Chi Man Yip
- "A Robust Mortensen and Pissarides Model" (with Ying Tung Chan)
Abstract: The present paper generalizes the Mortensen and Pissarides (1994) model by allowing incomplete information about the data generating process in the economy. An agent could use an approximating model but at the same time worry about model misspecification. Using robust control techniques as in Hansen and Sargent (2008), a robust agent optimally chooses his model, according to his degree of ambiguity aversion, to make decisions on job search, job destruction and vacancy creation. Our robust model not only provides analytically tractable framework, but also provides additional insight on how ambiguity aversion influences workers' and vacancies' decision, and preserves most of the generally intuitive comparative statics as in the original model even under workers' and vacancies' ambiguity aversion. Recent literature criticizes the Mortensen and Pissarides (1994) model in its inability to generate the volatility of market tightness in the United States. Our generalized model succeeds in replicating a similar volatility of the market tightness as in the US data, resolving the unemployment volatility puzzle. Our calibration exercise supports that incorporating ambiguity aversion is a substantial improvement over standard search and matching models.
- "On the Ambiguity of Job Search" (with Ying Tung Chan)

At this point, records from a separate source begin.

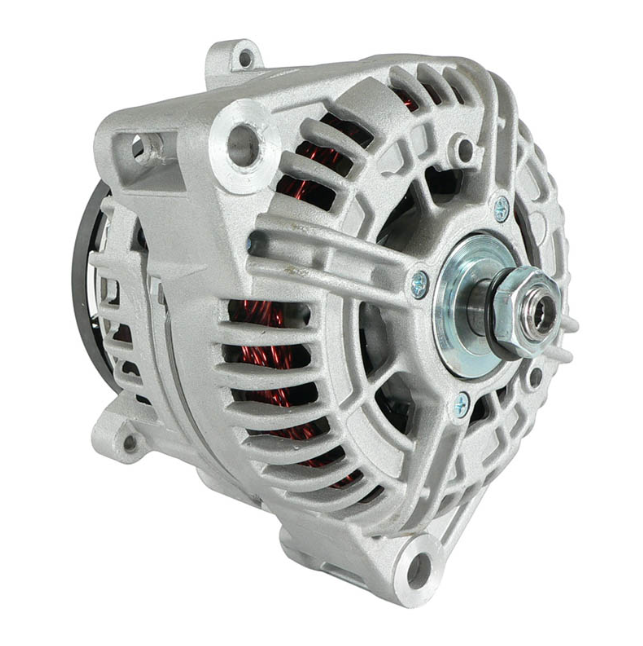 Alternator for John Deere agricultural applications, 12V 150A, metallic silver, by DGT Agri.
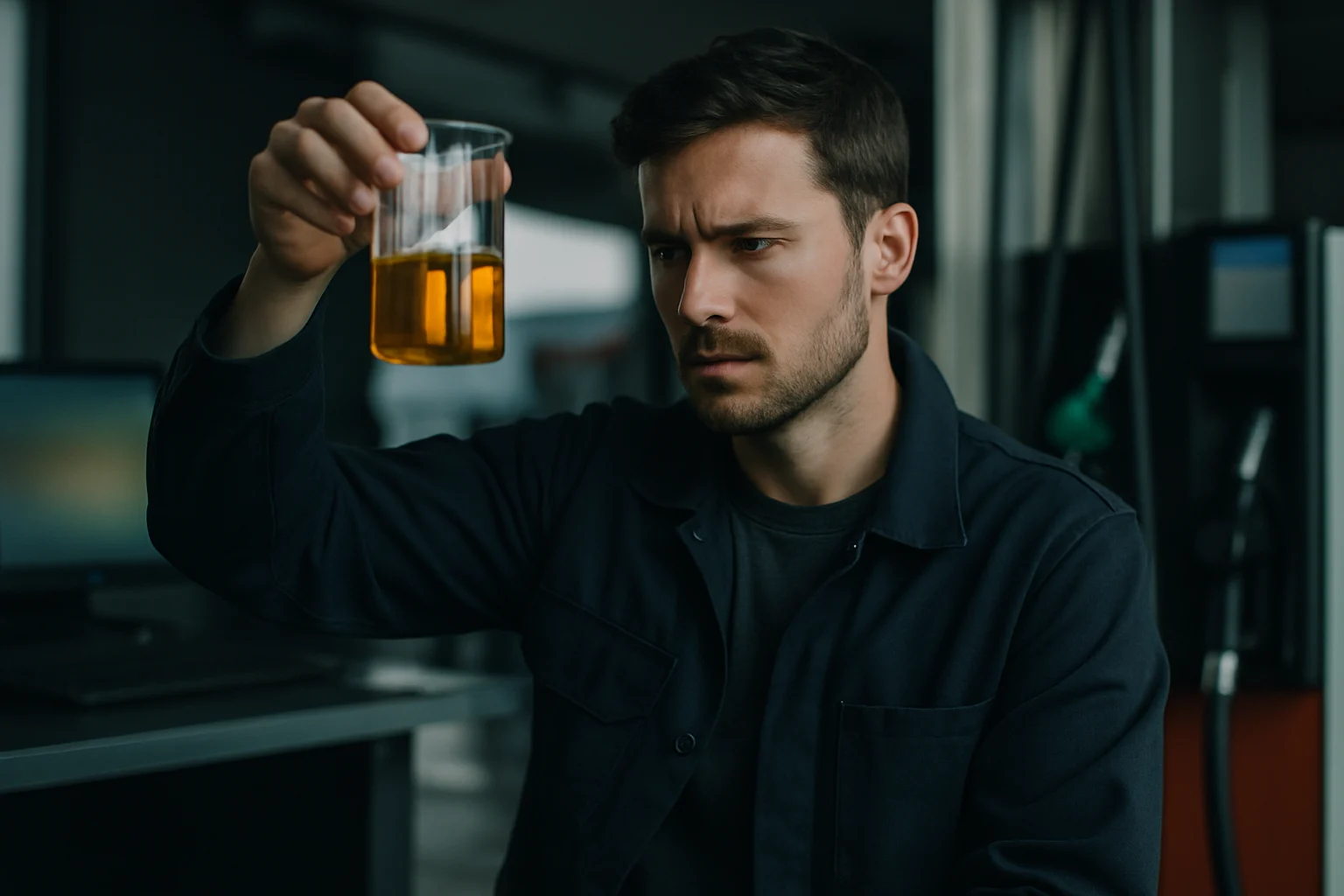 ガソリンスタンドの地下タンク点検作業員が燃料品質を確認している様子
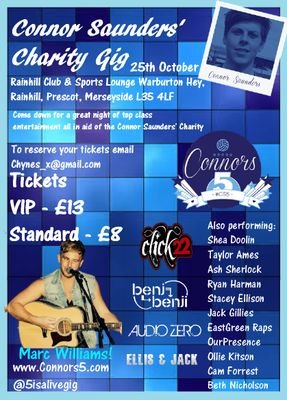 Charity Gig in order to raise money for @connorsaunders5 -Liverpool gig 25th October! organizers: @_chloe_xxx & @tilly_wilson_ 
http://t.co/HsDue2gaZ8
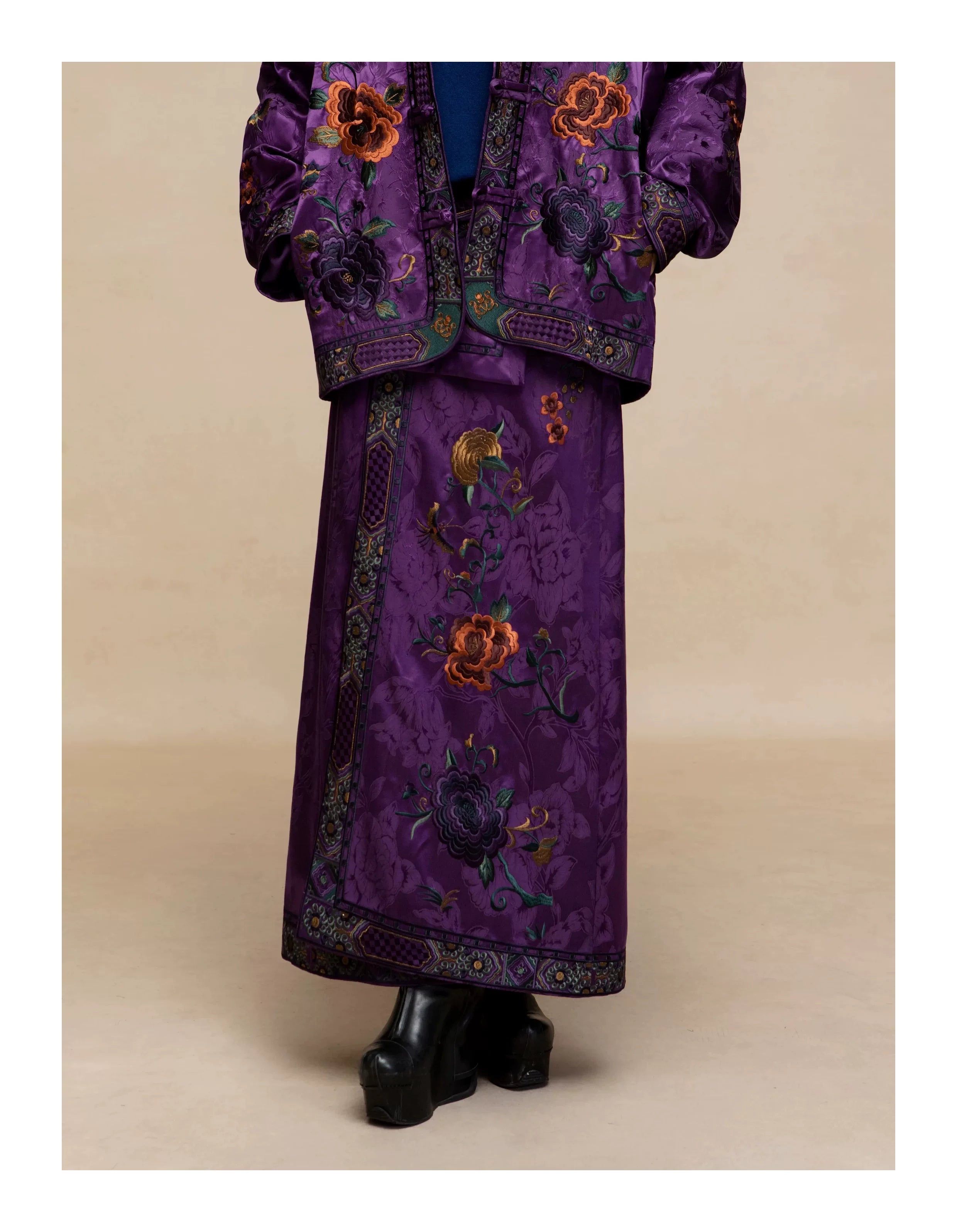 Luxury Imperial Violet Silk Maxi Skirt-25ZDQ6096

Abstract: Unemployed workers and unfilled vacancies confront uncertainty about the distribution of match specific productivity, and are averse to this ambiguity. However, prior search and matching models assume either complete information on the distribution or ambiguity neutrality. This paper constructs a search and matching model that features ambiguity aversion using the recursive specifications of Hansen and Sargent (2008). The model predicts that a robust agent tends to believe that higher match specific productivity is less likely to be realized, causing his/her outside option value and thus the reservation wage to fall. Hence, an unemployment rate is lower under a higher degree of ambiguity aversion of workers. We propose a procedure to compute the ''ambiguous'' unemployment rate, which is defined as the change in the unemployment rate if all agents became ambiguity neutral. Our simulation exercise uncovers quarterly ambiguous unemployment rate during 1948-2007 in US. We find that ambiguous unemployment falls with real output. When frictional unemployment were below 5%, ambiguous unemployment were close to zero. But the ambiguous unemployment could be as large as 19% of frictional unemployment in slump. In addition, our results indicate that ambiguity aversion amplifies the volatility of market tightness, potentially resolving the Shimer (2005) puzzle. Also, the impact of unemployment benefits on other labor market outcomes, such as market tightness, are shown to be larger under ambiguity aversion. This implication calls for a reexamination of the robust unemployment insurance scheme. Our result also shows that an efficient decentralized equilibrium is no longer guaranteed under the Hosios (1990) condition under ambiguity aversion. We generalize the Hosios (1990) condition in a search and matching framework under ambiguity aversion.